Would you please give all the lines below again, exactly as they stand?

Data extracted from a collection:
········

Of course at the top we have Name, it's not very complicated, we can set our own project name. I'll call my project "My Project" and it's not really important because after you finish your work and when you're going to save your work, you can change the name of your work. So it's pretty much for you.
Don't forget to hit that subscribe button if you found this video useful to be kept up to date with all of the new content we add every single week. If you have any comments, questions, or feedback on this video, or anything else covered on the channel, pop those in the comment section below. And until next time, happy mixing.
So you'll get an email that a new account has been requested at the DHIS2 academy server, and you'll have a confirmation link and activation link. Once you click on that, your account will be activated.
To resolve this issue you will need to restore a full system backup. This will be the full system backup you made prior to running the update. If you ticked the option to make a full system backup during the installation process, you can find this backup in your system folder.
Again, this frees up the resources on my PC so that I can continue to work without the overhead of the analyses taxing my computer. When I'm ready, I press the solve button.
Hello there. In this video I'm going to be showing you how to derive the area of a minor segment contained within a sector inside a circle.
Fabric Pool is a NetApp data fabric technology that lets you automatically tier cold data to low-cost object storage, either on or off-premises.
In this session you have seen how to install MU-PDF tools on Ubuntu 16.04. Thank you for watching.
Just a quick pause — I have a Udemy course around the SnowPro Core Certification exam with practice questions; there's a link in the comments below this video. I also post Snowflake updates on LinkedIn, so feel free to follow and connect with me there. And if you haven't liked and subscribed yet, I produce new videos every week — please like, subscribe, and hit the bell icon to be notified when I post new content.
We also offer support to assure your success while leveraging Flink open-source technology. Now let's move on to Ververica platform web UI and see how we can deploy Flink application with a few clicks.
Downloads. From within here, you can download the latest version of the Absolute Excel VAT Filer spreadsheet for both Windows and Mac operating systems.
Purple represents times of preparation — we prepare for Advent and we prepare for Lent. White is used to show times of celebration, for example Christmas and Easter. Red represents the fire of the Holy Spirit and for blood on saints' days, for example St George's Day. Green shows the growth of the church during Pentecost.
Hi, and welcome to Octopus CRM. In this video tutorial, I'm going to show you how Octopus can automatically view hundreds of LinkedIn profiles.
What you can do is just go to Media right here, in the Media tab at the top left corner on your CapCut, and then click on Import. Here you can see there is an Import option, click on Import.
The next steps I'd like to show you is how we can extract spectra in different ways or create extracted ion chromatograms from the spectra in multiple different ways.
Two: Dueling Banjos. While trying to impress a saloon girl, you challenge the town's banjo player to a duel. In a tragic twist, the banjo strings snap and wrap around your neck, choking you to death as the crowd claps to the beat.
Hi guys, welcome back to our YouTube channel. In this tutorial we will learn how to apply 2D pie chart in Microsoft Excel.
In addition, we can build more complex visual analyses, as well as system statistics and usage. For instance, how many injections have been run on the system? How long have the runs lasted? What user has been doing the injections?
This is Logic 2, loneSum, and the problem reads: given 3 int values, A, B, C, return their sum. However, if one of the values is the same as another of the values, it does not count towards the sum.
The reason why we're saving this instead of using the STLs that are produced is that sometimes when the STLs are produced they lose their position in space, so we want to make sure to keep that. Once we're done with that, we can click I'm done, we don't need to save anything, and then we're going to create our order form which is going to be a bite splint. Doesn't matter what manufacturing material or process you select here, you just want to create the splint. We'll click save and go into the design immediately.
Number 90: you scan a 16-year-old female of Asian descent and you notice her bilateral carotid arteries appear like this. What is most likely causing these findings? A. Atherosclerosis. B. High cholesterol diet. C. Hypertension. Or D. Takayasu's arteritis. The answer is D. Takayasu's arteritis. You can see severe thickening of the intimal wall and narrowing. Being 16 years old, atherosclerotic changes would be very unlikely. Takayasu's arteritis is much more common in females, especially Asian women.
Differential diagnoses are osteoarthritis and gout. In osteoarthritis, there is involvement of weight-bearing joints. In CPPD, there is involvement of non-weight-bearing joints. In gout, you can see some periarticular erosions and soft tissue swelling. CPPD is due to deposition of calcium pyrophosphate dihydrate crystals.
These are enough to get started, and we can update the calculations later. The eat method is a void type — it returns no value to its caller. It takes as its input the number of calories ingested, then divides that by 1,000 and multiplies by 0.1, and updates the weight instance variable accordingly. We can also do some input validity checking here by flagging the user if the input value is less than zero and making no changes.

········

- _Problem solution_
Of course at the top we have Name, it's not very complicated, we can set our own project name. I'll call my project "My Project" and it's not really important because after you finish your work and when you're going to save your work, you can change the name of your work. So it's pretty much for you.
Don't forget to hit that subscribe button if you found this video useful to be kept up to date with all of the new content we add every single week. If you have any comments, questions, or feedback on this video, or anything else covered on the channel, pop those in the comment section below. And until next time, happy mixing.
So you'll get an email that a new account has been requested at the DHIS2 academy server, and you'll have a confirmation link and activation link. Once you click on that, your account will be activated.
To resolve this issue you will need to restore a full system backup. This will be the full system backup you made prior to running the update. If you ticked the option to make a full system backup during the installation process, you can find this backup in your system folder.
Again, this frees up the resources on my PC so that I can continue to work without the overhead of the analyses taxing my computer. When I'm ready, I press the solve button.
Hello there. In this video I'm going to be showing you how to derive the area of a minor segment contained within a sector inside a circle.
Fabric Pool is a NetApp data fabric technology that lets you automatically tier cold data to low-cost object storage, either on or off-premises.
In this session you have seen how to install MU-PDF tools on Ubuntu 16.04. Thank you for watching.
Just a quick pause — I have a Udemy course around the SnowPro Core Certification exam with practice questions; there's a link in the comments below this video. I also post Snowflake updates on LinkedIn, so feel free to follow and connect with me there. And if you haven't liked and subscribed yet, I produce new videos every week — please like, subscribe, and hit the bell icon to be notified when I post new content.
We also offer support to assure your success while leveraging Flink open-source technology. Now let's move on to Ververica platform web UI and see how we can deploy Flink application with a few clicks.
Downloads. From within here, you can download the latest version of the Absolute Excel VAT Filer spreadsheet for both Windows and Mac operating systems.
Purple represents times of preparation — we prepare for Advent and we prepare for Lent. White is used to show times of celebration, for example Christmas and Easter. Red represents the fire of the Holy Spirit and for blood on saints' days, for example St George's Day. Green shows the growth of the church during Pentecost.
Hi, and welcome to Octopus CRM. In this video tutorial, I'm going to show you how Octopus can automatically view hundreds of LinkedIn profiles.
What you can do is just go to Media right here, in the Media tab at the top left corner on your CapCut, and then click on Import. Here you can see there is an Import option, click on Import.
The next steps I'd like to show you is how we can extract spectra in different ways or create extracted ion chromatograms from the spectra in multiple different ways.
Two: Dueling Banjos. While trying to impress a saloon girl, you challenge the town's banjo player to a duel. In a tragic twist, the banjo strings snap and wrap around your neck, choking you to death as the crowd claps to the beat.
Hi guys, welcome back to our YouTube channel. In this tutorial we will learn how to apply 2D pie chart in Microsoft Excel.
In addition, we can build more complex visual analyses, as well as system statistics and usage. For instance, how many injections have been run on the system? How long have the runs lasted? What user has been doing the injections?
This is Logic 2, loneSum, and the problem reads: given 3 int values, A, B, C, return their sum. However, if one of the values is the same as another of the values, it does not count towards the sum.
The reason why we're saving this instead of using the STLs that are produced is that sometimes when the STLs are produced they lose their position in space, so we want to make sure to keep that. Once we're done with that, we can click I'm done, we don't need to save anything, and then we're going to create our order form which is going to be a bite splint. Doesn't matter what manufacturing material or process you select here, you just want to create the splint. We'll click save and go into the design immediately.
Number 90: you scan a 16-year-old female of Asian descent and you notice her bilateral carotid arteries appear like this. What is most likely causing these findings? A. Atherosclerosis. B. High cholesterol diet. C. Hypertension. Or D. Takayasu's arteritis. The answer is D. Takayasu's arteritis. You can see severe thickening of the intimal wall and narrowing. Being 16 years old, atherosclerotic changes would be very unlikely. Takayasu's arteritis is much more common in females, especially Asian women.
Differential diagnoses are osteoarthritis and gout. In osteoarthritis, there is involvement of weight-bearing joints. In CPPD, there is involvement of non-weight-bearing joints. In gout, you can see some periarticular erosions and soft tissue swelling. CPPD is due to deposition of calcium pyrophosphate dihydrate crystals.
These are enough to get started, and we can update the calculations later. The eat method is a void type — it returns no value to its caller. It takes as its input the number of calories ingested, then divides that by 1,000 and multiplies by 0.1, and updates the weight instance variable accordingly. We can also do some input validity checking here by flagging the user if the input value is less than zero and making no changes.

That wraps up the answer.